# Work instructions
Copy the data exactly. Images are the one exception.

Input data START

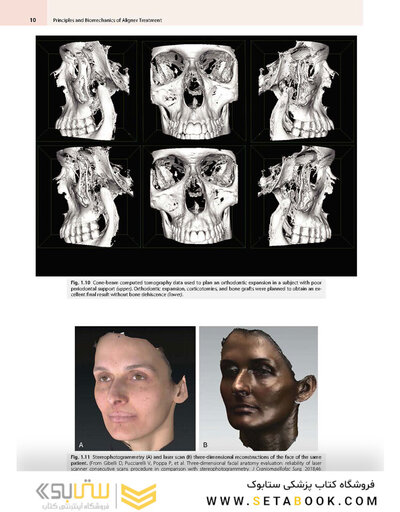 Principles and Biomechanics of Aligner Treatment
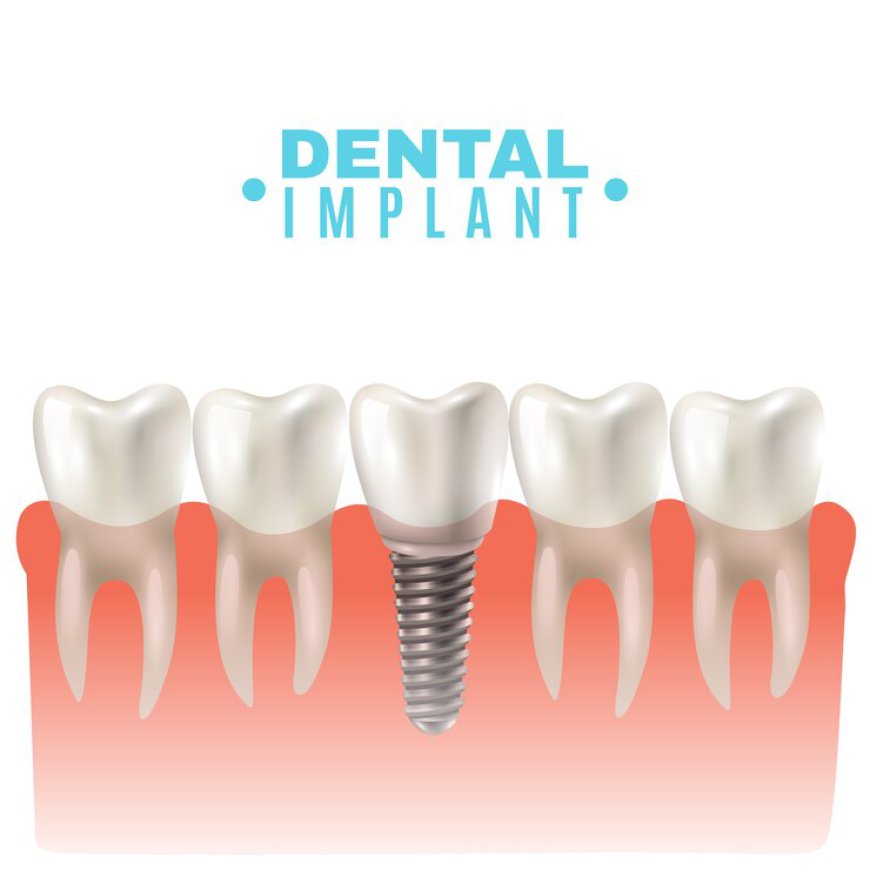 Dental Crowns vs. Dental Implants: Which is Best?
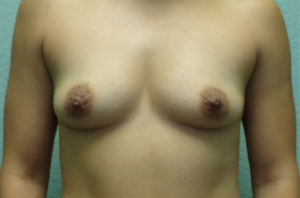 Breast Augmentation - Case 4724 - Before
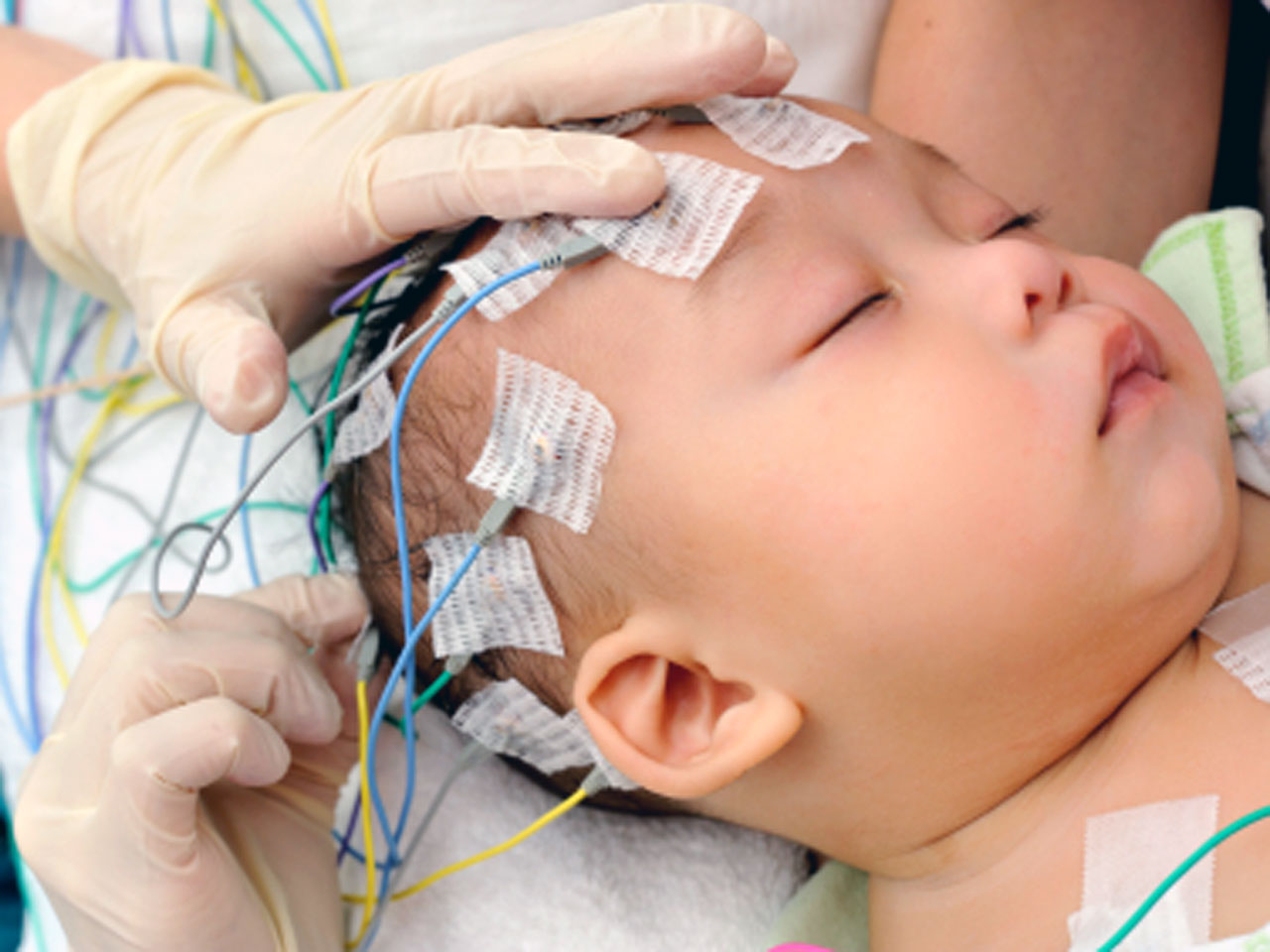 what is eeg test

Input data END

# Response below
 Principles and Biomechanics of Aligner Treatment
 Dental Crowns vs. Dental Implants: Which is Best?
 Breast Augmentation - Case 4724 - Before
 what is eeg test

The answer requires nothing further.